Dynamic Tool Factory
Domain Skills have another common need: dynamically creating tools based on configuration.
For example, GA4 tools need to bind to specific accounts:
def create_ga4_tool_functions(property_id: str, credentials_path: str):
"""Create GA4 tools based on account configuration"""
client = GA4Client(property_id, credentials_path)
def ga4_run_report(**kwargs):
return client.run_report(**kwargs)
def ga4_get_metadata():
return client.get_available_dimensions_and_metrics()
return {
"ga4_run_report": ga4_run_report,
"ga4_get_metadata": ga4_get_metadata,
}
This way, different users can use different GA4 accounts, same Skill but bound to different credentials.
5.5 Prompt Template Rendering
Sometimes the same Skill needs to inject different variables based on context.
For example, data analytics Skill:
"data_analytics": {
"system_prompt": (
"# Setup\n"
"profile_id: ${profile_id}\n"
"User's account ID: ${aid}\n"
"Date of today: ${current_date}\n\n"
"You are a data analytics assistant..."
),
"allowed_tools": ["processSchemaQuery"],
}
Pass parameters when invoking:
context = {
"role": "data_analytics",
"prompt_params": {
"profile_id": "49598h6e",
"aid": "7b71d2aa-dc0d-4179-96c0-27330587fb50",
"current_date": "2026-01-03",
}
}
The rendering function replaces ${variable} with actual values:
def render_system_prompt(prompt: str, context: Dict) -> str:
variables = context.get("prompt_params", {})
def substitute(match):
var_name = match.group(1)
return str(variables.get(var_name, ""))
return re.sub(r"\$\{(\w+)\}", substitute, prompt)
After rendering:
# Setup
profile_id: 49598h6e
User's account ID: 7b71d2aa-dc0d-4179-96c0-27330587fb50
Date of today: 2026-01-03
You are a data analytics assistant...
5.6 Runtime Dynamic Enhancement
Skills define static configuration, but runtime still dynamically injects some content:
# Inject current date
current_date = datetime.now().strftime("%Y-%m-%d")
system_prompt = f"Current date: {current_date} (UTC).\n\n" + system_prompt
# Inject language instruction
if context.get("target_language") and context["target_language"] != "English":
lang = context["target_language"]
system_prompt = f"CRITICAL: Respond in {lang}.\n\n" + system_prompt
# Research mode enhancement
if context.get("research_mode"):
system_prompt += "\n\nRESEARCH MODE: Do not rely on snippets.
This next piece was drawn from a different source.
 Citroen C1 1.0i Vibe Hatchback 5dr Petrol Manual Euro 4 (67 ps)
Use web_fetch to read full content."
This way, Skill's static configuration combined with runtime context becomes the final System Prompt sent to the LLM.
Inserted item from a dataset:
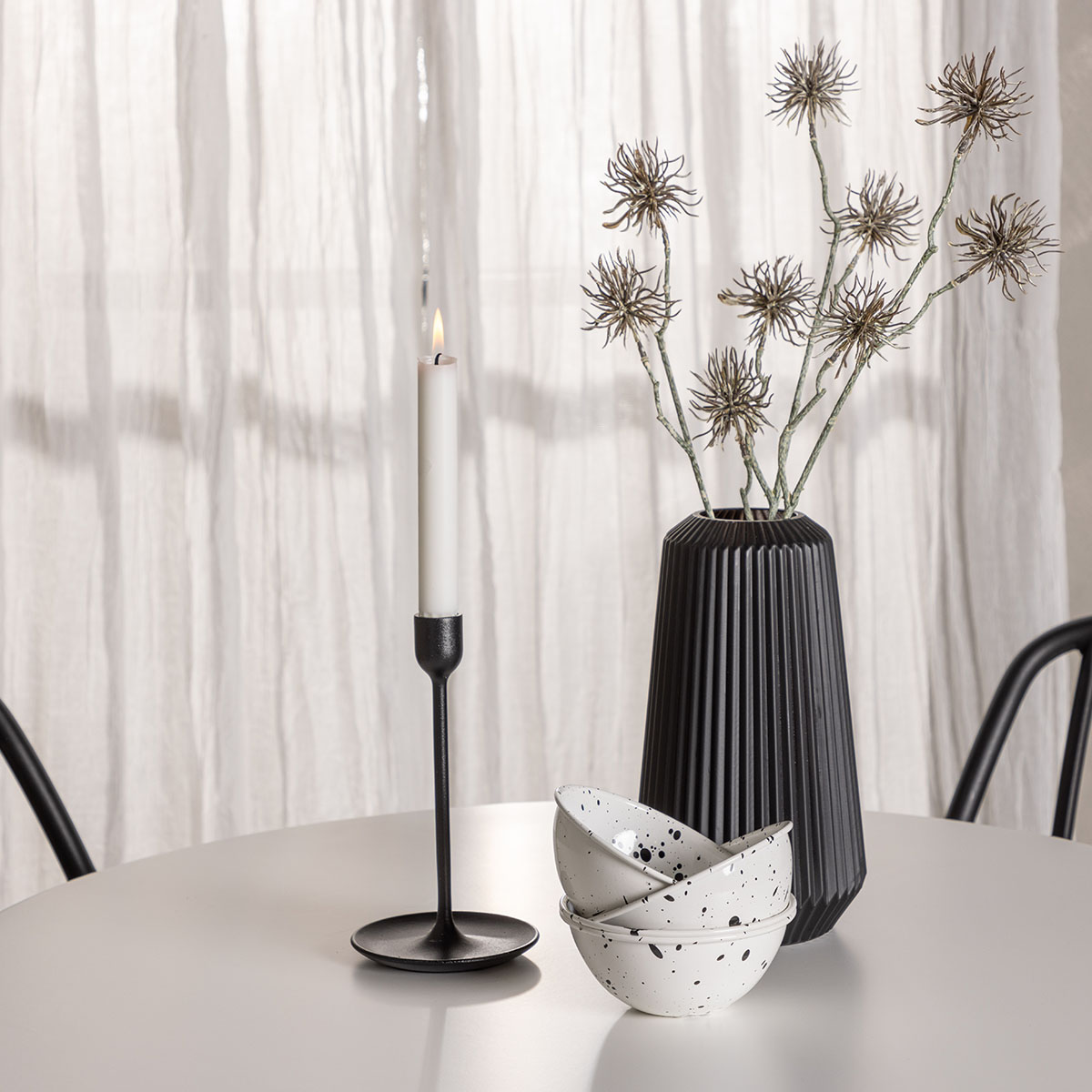 Spisegruppe Venture Home Hamden Ø80 cm med 4 Dyrön Stoler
5.7 Vendor Adapter Pattern
For Skills that need deep integration with external systems, Shannon uses a clever design:
roles/
├── presets.py # General presets
├── ga4/
│ └── analytics_agent.py # GA4 specific
├── ptengine/
│ └── data_analytics.py # Ptengine specific
└── vendor/
└── custom_client.py # Customer customization (not committed)
Loading logic:
# Optionally load vendor roles
try:
from .ga4.analytics_agent import GA4_ANALYTICS_PRESET
_PRESETS["ga4_analytics"] = GA4_ANALYTICS_PRESET
except Exception:
pass # Silent fail if module doesn't exist
try:
from .ptengine.data_analytics import DATA_ANALYTICS_PRESET
_PRESETS["data_analytics"] = DATA_ANALYTICS_PRESET
except Exception:
pass
Benefits:
- Clean core code: General presets don't depend on any vendor modules
- Graceful degradation: No error if module doesn't exist
- Customer customization: Private vendor directory can store uncommitted code
5.8 Designing a New Skill
Suppose you want to create a "code reviewer" Skill, how to design it?
"code_reviewer": {
"system_prompt": """You are a senior code reviewer with 10+ years of experience.
## Mission
Review code for bugs, security issues, and maintainability problems.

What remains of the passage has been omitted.